March 2000, Plat for Hillandale Commons development showing the incorporation of the Frances Hill Fox House - just below the circle - and the Dickerson home to the southeast into the new street plan (County Register of Deeds).

            Frances, her husband William Dickerson, and their children sold the eighteen acres to Robert and Gloria Haywood in 1997. The Haywoods realized upon entering the Fox house that it needed to stay in their new development. They rehabilitated the house and sold it to Dr. Kerri Robertson, an anesthesiologist.
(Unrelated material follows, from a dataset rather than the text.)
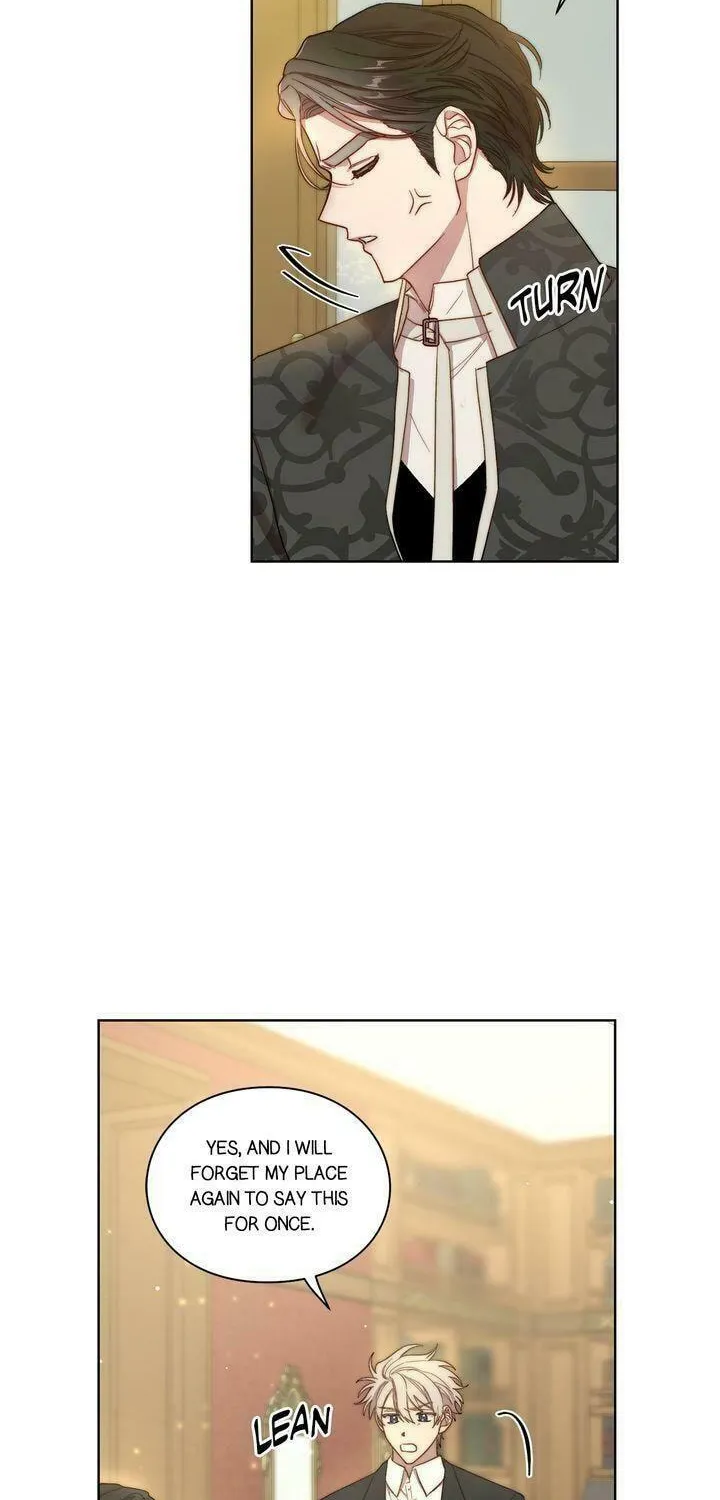 Read Lucia chapter 67 image 30 on Lezhin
She had admired the exterior of the house before it was for sale but really fell for the interior. Her attention to detail in caring for the house extended to having bathroom tile custom made in New York to match the original when repairs were needed. Unsurprisingly, the house won a Pyne Preservation Award in 2001.

            Even in its new suburban setting the beauty of the Fox house is undiminished.  It still inspires owners to care for and preserve it.  It still wows visitors.